The ubuntu docs on OpenVPN have this part in the instructions:
Copy the following files to the client:
- /etc/openvpn/ca.crt
- /etc/openvpn/easy-rsa/keys/hostname.crt
- /etc/openvpn/easy-rsa/keys/hostname.key
- /etc/openvpn/ta.key
Isn't it possible for a vpn scheme to only require an admin to install the client's public keys in order to give a client access, instead of requiring the sharing of sensitive certs first? Are there other VPNs that do this?
Let's look at a breakdown of all the files, whether they're sensitive, and where they came from.
Publicly disposable, this is the certificate for your VPN's certificate authority. It can be shared with anybody and allows the client to verify the VPN server.
This is a certificate identifying the client. It was signed by the client's private key and then that was signed by the CA's key.
This is the client's private key. In the documentation you're looking at, it was generated on the server for convenience so that the client certificate could be signed by the key there and then signed by the CA key. The private key could be generated and kept on the client without the server ever seeing it, but that would make the process a lot more complex. If you're interested, do some Googling or open another question creating a private CA -- it's a whole other department.

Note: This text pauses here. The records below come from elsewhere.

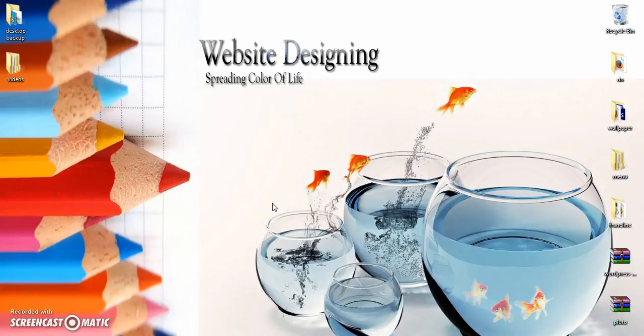Hi friends, in this tutorial I am going to teach you about website designing. I will be teaching the essentials of website designing — that is, what all the coding languages are necessary to build a basic website.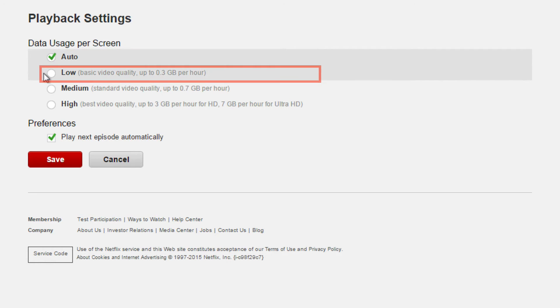Low uses the lowest amount of data and results in basic video quality. Use this setting if you don't have much monthly data from your internet plan, or if you are over your data limit and still want to watch a few shows.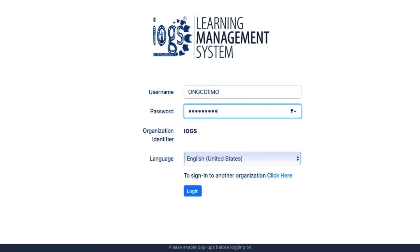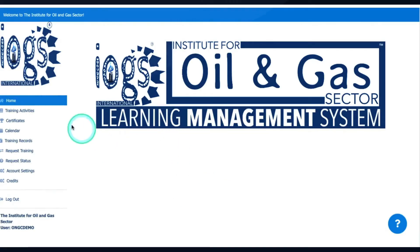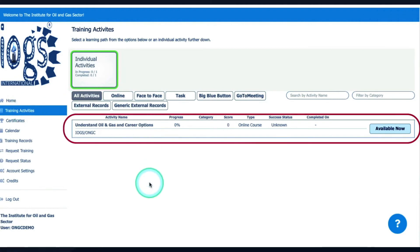If your credentials are correct, you will be presented with the RYOGS Online Learning Portal. Once you are on the portal, click the training activities tab on the left side of the page, where you will find the ONGC course that is available to you for your study.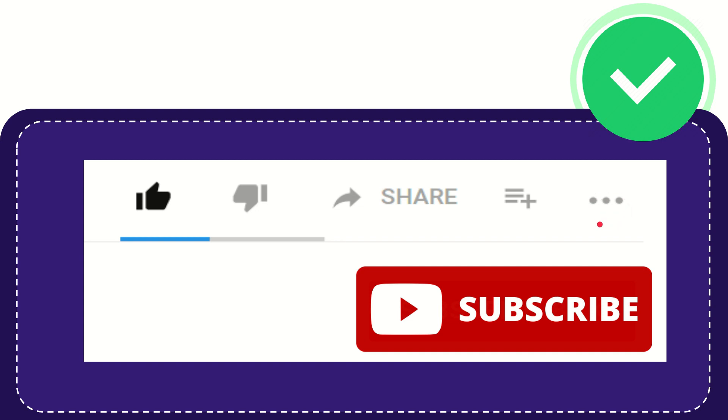And yeah, don't forget to subscribe. I think that's all of it. Thank you so much for watching this video and see you again in another video. Bye bye, see you again.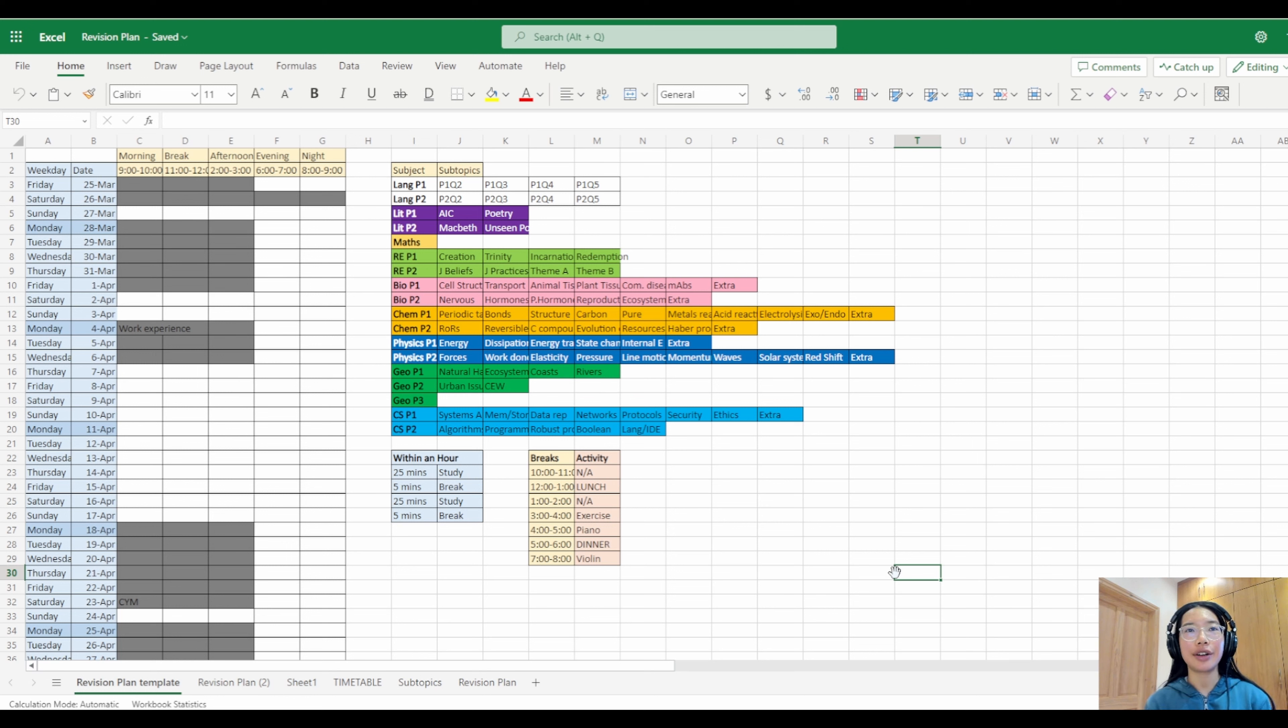I briefly want to tell you how you can make your revision plan for your upcoming exams. It's really quick and easy to do. I'm using Excel OneDrive online version so you can do that too.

This one is a bit special, so I'll just paste some related I found at http://openvpn.net/index.php/open-source/documentation/howto.html:
tls-auth
The tls-auth directive adds an additional HMAC signature to all SSL/TLS handshake packets for integrity verification. Any UDP packet not bearing the correct HMAC signature can be dropped without further processing. The tls-auth HMAC signature provides an additional level of security above and beyond that provided by SSL/TLS. It can protect against:
- DoS attacks or port flooding on the OpenVPN UDP port.
- Port scanning to determine which server UDP ports are in a listening state.
- Buffer overflow vulnerabilities in the SSL/TLS implementation.
- SSL/TLS handshake initiations from unauthorized machines (while such handshakes would ultimately fail to authenticate, tls-auth can cut them off at a much earlier point).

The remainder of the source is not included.